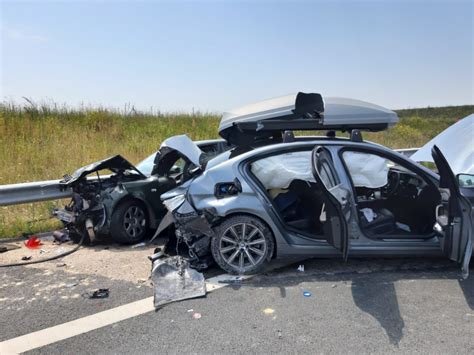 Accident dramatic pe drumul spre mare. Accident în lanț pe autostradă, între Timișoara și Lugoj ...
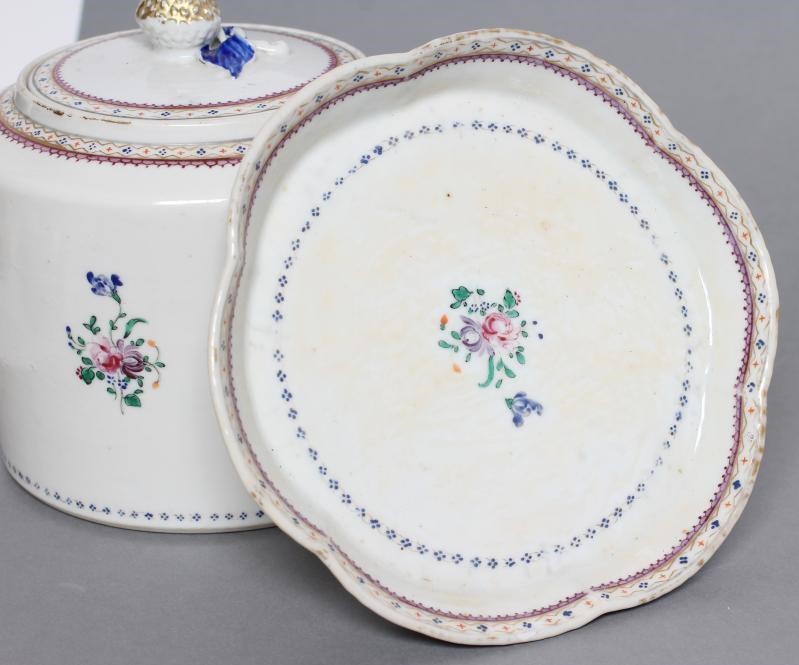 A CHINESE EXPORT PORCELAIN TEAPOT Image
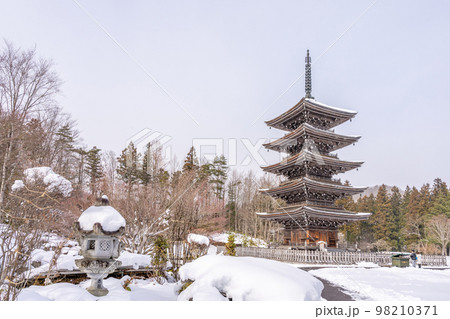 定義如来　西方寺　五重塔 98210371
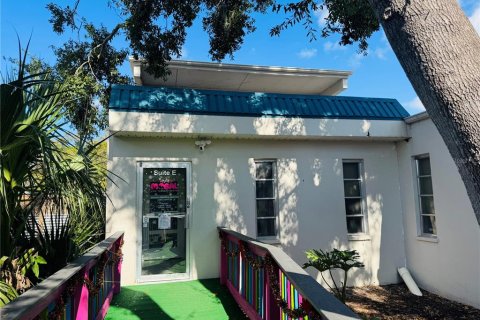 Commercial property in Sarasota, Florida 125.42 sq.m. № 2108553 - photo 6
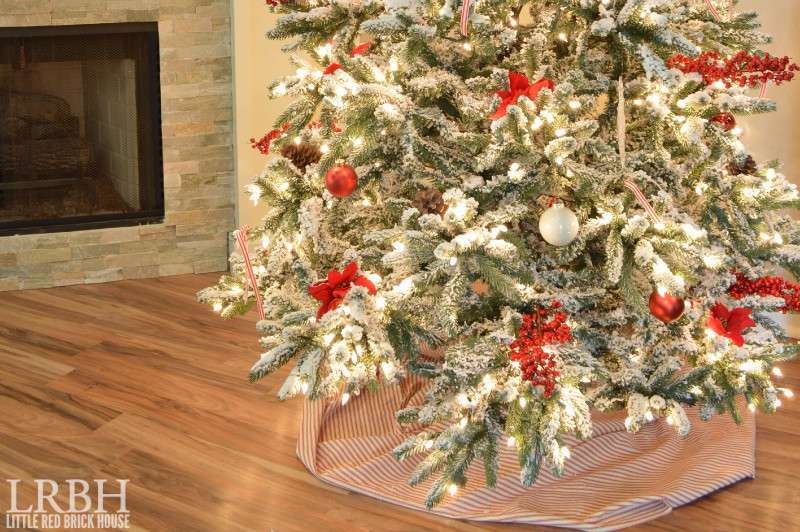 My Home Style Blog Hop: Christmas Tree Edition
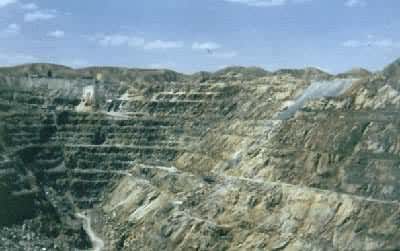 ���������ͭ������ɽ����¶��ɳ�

----

■ Exercise details ■
From the line containing "My Home Style" down to the final line of the listing above, write out only those lines exactly as they are, minus the pictures.

■ Exercise result ■
 My Home Style Blog Hop: Christmas Tree Edition
 ���������ͭ������ɽ����¶��ɳ�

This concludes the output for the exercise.